# WHAT YOU HAVE TO DO:
Where does the string "Gaia" appear? Copy every line of the entries below that holds it.

Records from a data collection:
++++

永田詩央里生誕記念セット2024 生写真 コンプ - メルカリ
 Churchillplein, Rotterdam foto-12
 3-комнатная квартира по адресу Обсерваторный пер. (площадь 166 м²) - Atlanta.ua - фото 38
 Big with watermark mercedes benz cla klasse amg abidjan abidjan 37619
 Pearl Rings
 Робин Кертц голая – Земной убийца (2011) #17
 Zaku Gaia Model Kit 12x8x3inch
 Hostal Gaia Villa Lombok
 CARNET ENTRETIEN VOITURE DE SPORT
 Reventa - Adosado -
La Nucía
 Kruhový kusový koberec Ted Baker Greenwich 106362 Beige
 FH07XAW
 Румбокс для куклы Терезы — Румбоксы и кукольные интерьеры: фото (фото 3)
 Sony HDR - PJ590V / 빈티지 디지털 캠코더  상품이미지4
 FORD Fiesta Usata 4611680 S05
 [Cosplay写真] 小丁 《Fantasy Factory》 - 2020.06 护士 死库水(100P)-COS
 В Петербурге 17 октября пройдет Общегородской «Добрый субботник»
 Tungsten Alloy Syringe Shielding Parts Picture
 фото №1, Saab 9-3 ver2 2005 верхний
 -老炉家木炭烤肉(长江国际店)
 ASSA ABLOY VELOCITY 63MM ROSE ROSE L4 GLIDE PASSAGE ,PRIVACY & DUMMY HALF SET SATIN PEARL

++++

# RESPONSE BELOW:
 Zaku Gaia Model Kit 12x8x3inch
 Hostal Gaia Villa Lombok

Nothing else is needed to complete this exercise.